DATA EXCERPTS START

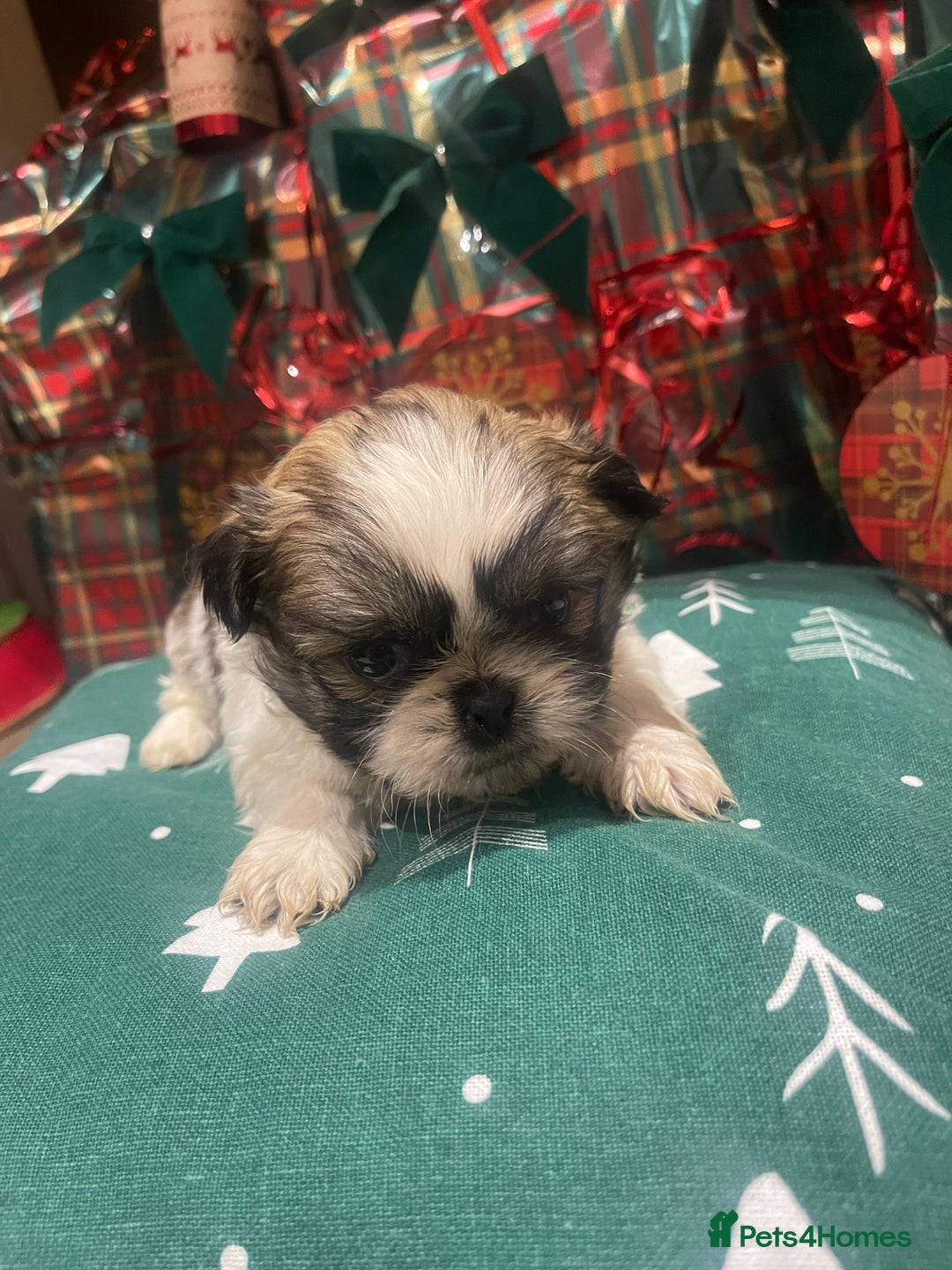 Shih Tzu dogs for sale: Shih tzu  puppies  - Advert 11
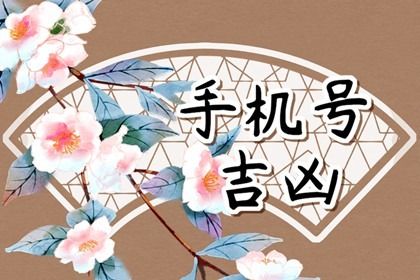 五行与选号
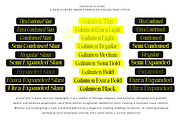 Galmiten | 243 Font Styles, a Serif Font by IM Studio (Thumbnail 2 of 12)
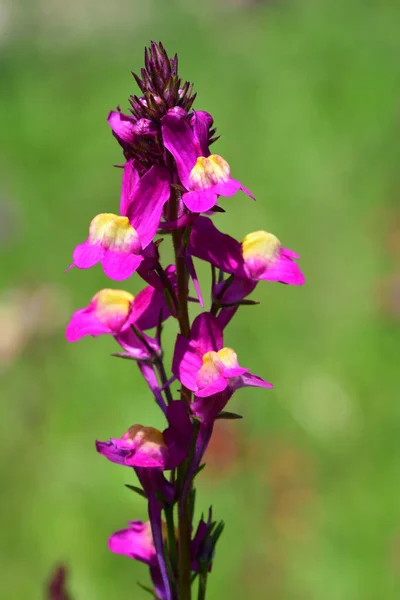 摩洛哥蟾蜍(linaria maroccana)) — 图库照片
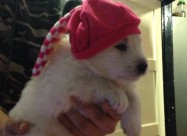 Cistokrvni Kucenca Sibirski Samojed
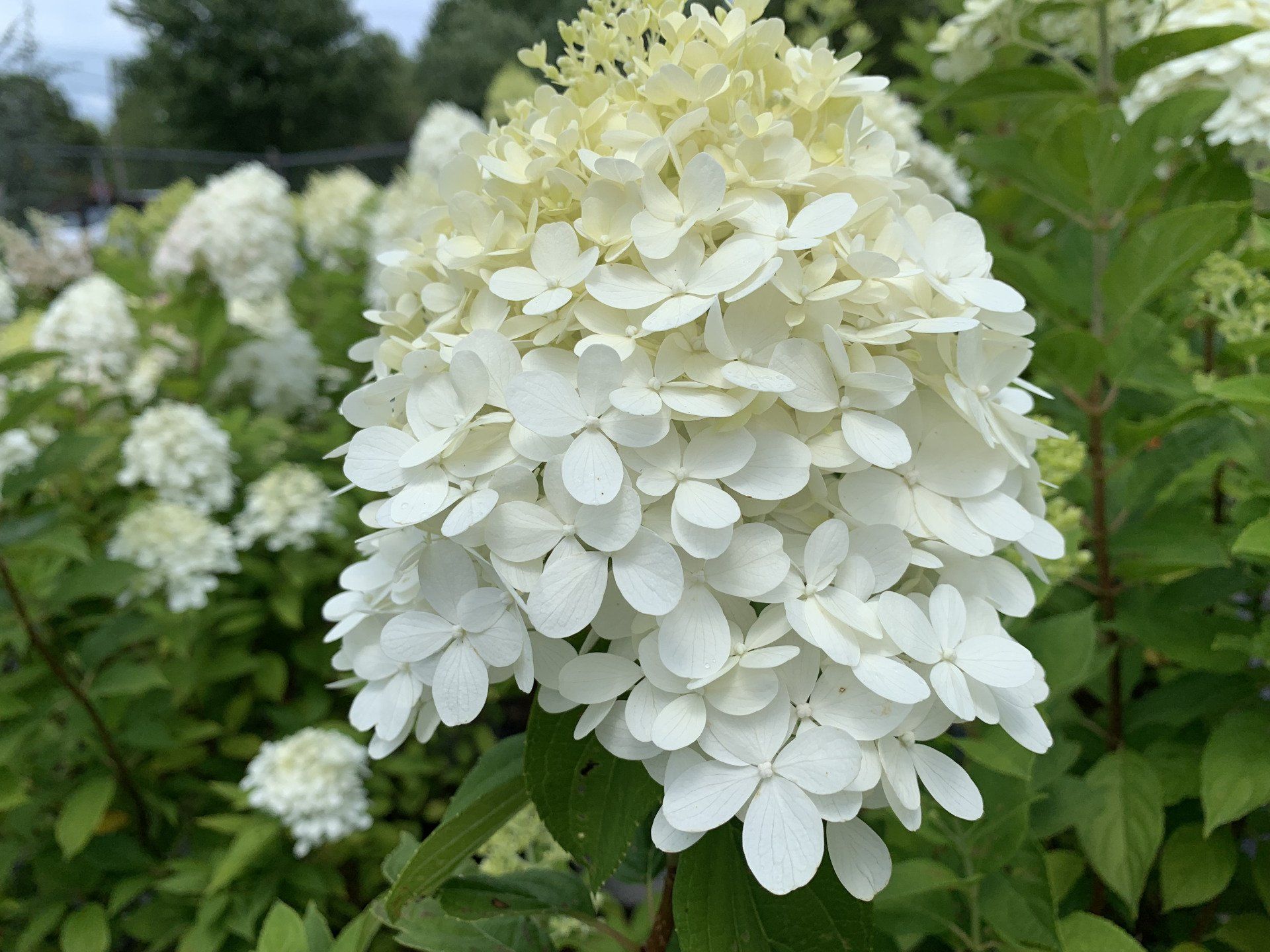 Knights Flowering Shrubs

DATA EXCERPTS END

- **INSTRUCTIONS FOR THE TASK**
Leaving aside the images, write out every entry above exactly.

- **EXERCISE ANSWER**
 Shih Tzu dogs for sale: Shih tzu  puppies  - Advert 11
 五行与选号
 Galmiten | 243 Font Styles, a Serif Font by IM Studio (Thumbnail 2 of 12)
 摩洛哥蟾蜍(linaria maroccana)) — 图库照片
 Cistokrvni Kucenca Sibirski Samojed
 Knights Flowering Shrubs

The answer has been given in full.